Suh has been a target of the officials since he came into the NFL as the second-overall draft pick in 2010 — it doesn't help when you try to take Jake Delhomme's head off like a bottle top in your first preseason — and there's no question that he plays on the edge more often than perhaps he should. But Thayer's recommendation when it comes to how to deal with Suh's actions is extreme in an entirely different direction.
"If Ndamukong Suh wants to cheap-shot somebody on my team, I'm going to cheap-shot [Lions quarterback Matthew] Stafford," Thayer said. "And the best guy to do it is [Bears defensive end] Julius Peppers. And I'm not calling for this, but I'm just trying to police some of the dirty efforts by Ndamukong Suh."
Riiiiight. "I'm not calling for this, but I'm saying outright that the best way to retaliate for any cheap shots on OUR quarterback is to take out THEIR quarterback." Nice passive-aggressive there, dude.

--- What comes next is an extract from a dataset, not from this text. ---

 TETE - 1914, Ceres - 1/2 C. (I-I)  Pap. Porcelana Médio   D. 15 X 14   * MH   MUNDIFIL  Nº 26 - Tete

Thayer went on to say that football is "a great retaliation sport."
"You better come with cinder blocks tied around your knees because I am going to angle-block you and hit you in every way, shape or form that I can hit you in the most uncomfortable area," Thayer said about his own playing days.
"If you think you're going to go out there and passively play against this aggressive defense, then you might as well not even show up. ... There is no way I'm letting Detroit control the atmosphere tonight."
Look, I think we're all hoping for a hard-fought, clean, competitive game Monday night, but anyone who thinks that Suh won't be going after Jay Cutler with everything he's got -- especially when he's going against the Bears' offensive line and will have Nick Fairley in the front four for the first time this season -- hasn't ever watched the man play.
And as Brad Biggs of the National Football Post points out, the Bears knocked Stafford from the game in each of the last two seasons -- first in 2009, when Adewale Ogunleye caused a knee injury on a sack, and then in 2010, when Peppers separated Stafford's right shoulder. By Thayer's code, Suh should be the one headhunting.
"I'm just going to continue to play as hard and fast as I can -- that's what I do, and the only thing I know how to do," the reigning Defensive Rookie of the Year told me in February. "I feel that I owe it to my teammates, my coaches, and the fans.
"Our coaches don't want us to lose any edge -- being fiery and going after a quarterback, running back, or receiver. They want us to attack the ball and be smart, but they're not going to tell us to back off and not hit anybody or anything like that. Just be smart, don't take cheap shots, and make sure you're playing the ball. As long as you're playing the ball and not trying to impose your will or trying to hurt someone, you should be fine."
Well, maybe not in Tom Thayer's book, but Suh's the one writing that book these days.